Ask HN: Quitting my job - GeorgeMac
Dear HN,<p>I am currently developing Java web applications for a company in the publishing sector. However, I really want to pursue a career in the Ruby sector of web development. I have got to grips with a lot of rails development in my spare time. However, I am starting to feel that my day job is interfering with my self development. Currently my company is caught up in a lot of politics with clients and dissatisfaction with development processes. Some of us really believe that moving away from Java to languages like Ruby, Python or Javascript makes the most logical sense. However, efforts are thwarted by senior managements opinions. Opinions which aren&#x27;t justified with any kind of evidence. It&#x27;s just driven by their own personal taste &#x2F; a lack of understanding of the current industry. We don&#x27;t build enterprise applications. We build relatively simple applications, that are virtually static sites. However, we are bogged down by the massive dependency management, spring configuration and painful AOP style framework issues. This coupled with supporting sites that are up to 10 years old.<p>I digress! I am thinking of quitting, regardless of currently having the next job lined up. What are your thoughts? I only have one and a half years of experience under my belt. However, I am constantly researching the web development scene and feel armed for a job as a ruby or even python web development. Is this move worth the risk?<p>Cheers HN!
======
wikwocket
Others have addressed your questions about Java & Ruby, so let me handle the
job angle.

If you are _ever_ unsatisfied with your job or your self-development, by all
means move on. Life is short, and everyone deserves fulfilling and rewarding
work. This is my advice regardless of profession; although it applies double
for you, as this is _literally_ the best job market we have ever seen for good
people with technical skills.

That said, do not quit without having another job lined up if you only have a
year or two of experience. Look around, read up on career searching, call some
companies, figure out what you want, and then pursue it. Get a company
interested in you and negotiate for the best possible offer.
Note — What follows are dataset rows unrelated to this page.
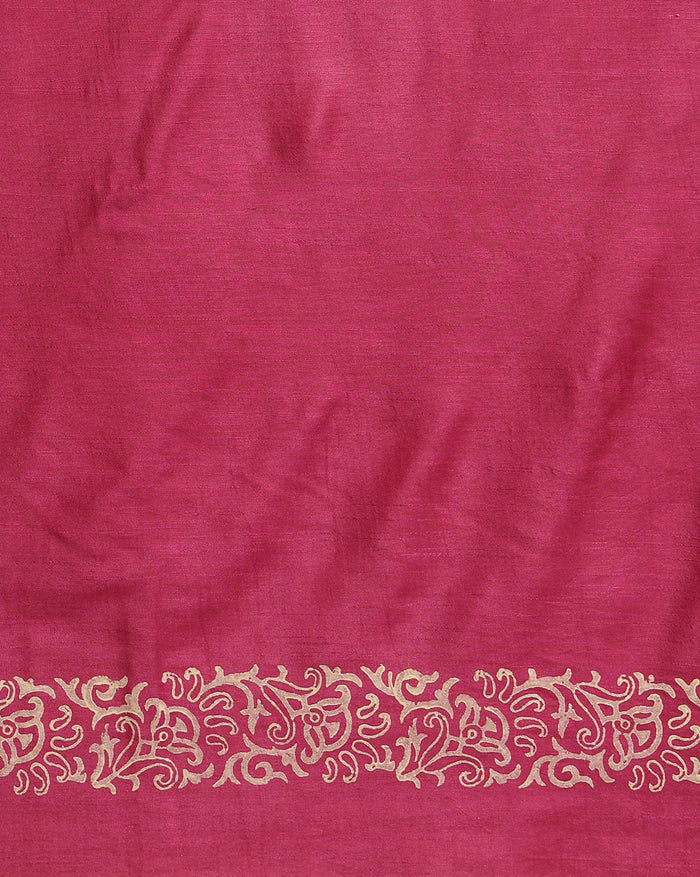 Magenta katan silk unstitched suit set with cream botanical hand block print and a lengthwise printed border on the dupatta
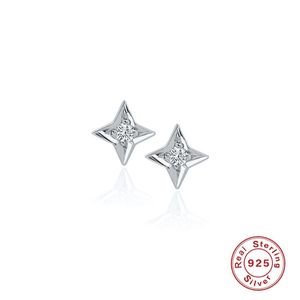 Boucles d'oreilles GS 925 en argent Sterling étoile à quatre branches pour les femmes cubique zircone diamant minuscule Cartilage oreille goujons bijoux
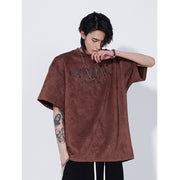 Suede Short-sleeved T-shirt Men's Trendy Brand Retro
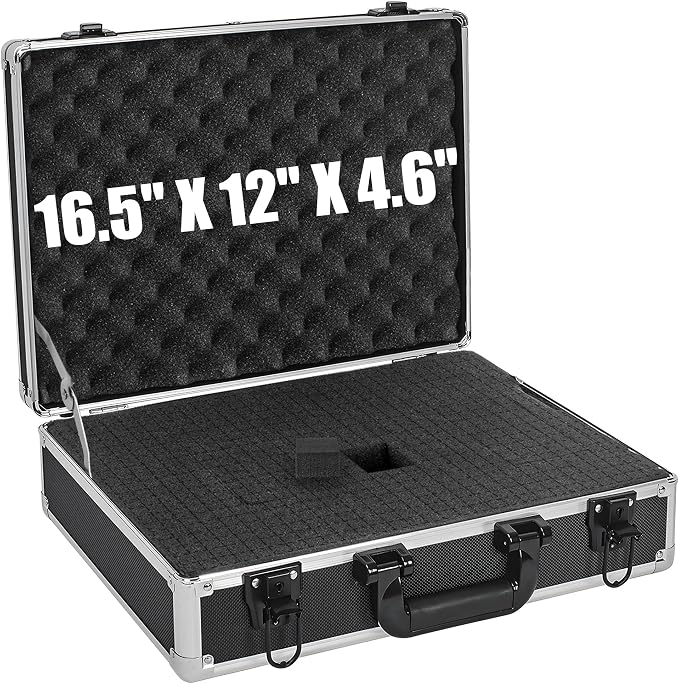17 Inch Hard Shell Carrying Case | Ideal for Wireless Mic System Storage & Camera Gear Transportation with Customizable Pre-Diced DIY Foam by ITHWIU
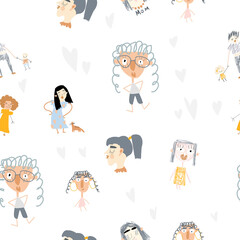 Seamless pattern of hand drawn portraits of mothers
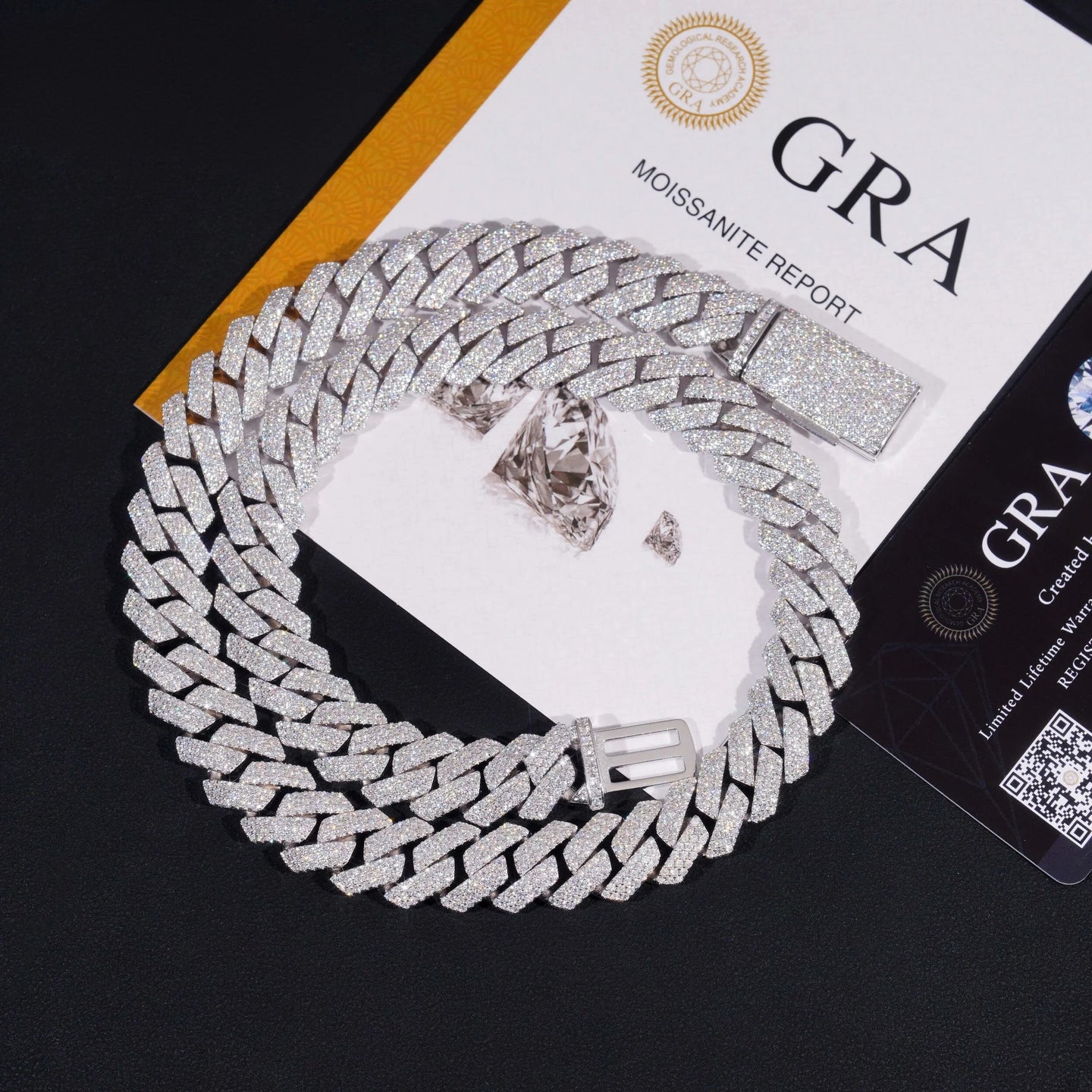 Hot Sale Hip Hip Jewelry GRA Certificate 14mm Three Row 925 Silver Moissanite Iced Out Cuban Link Chain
When you have an
offer, give your two weeks notice.

------
mswen
Local job search on indeed.com Java Developer - 218 Ruby Developer - 28 Python
Developer - 24

If your local job environment is analogous to mine, I would suggest that you
pursue a dual track.

Route 1: Keep developing your Java skills - even if that means you need to
push yourself beyond your current employer's "simple applications." The nearly
10X difference in job availability suggests that having solid Java skills is
income security even if it isn't very sexy.

Route 2: Like a couple of others have said, you should continue to learn one
or more newer languages on the side and really develop your side projects into
something that is an impressive demo of your overall development skills.

If you are hoping to get into more of a start-up environment, Ruby should
probably be your focus on route 2. If you are into science and/or data you
like go with Python.

This advice assumes that you have the bandwidth in your life to pursue both
routes simultaneously.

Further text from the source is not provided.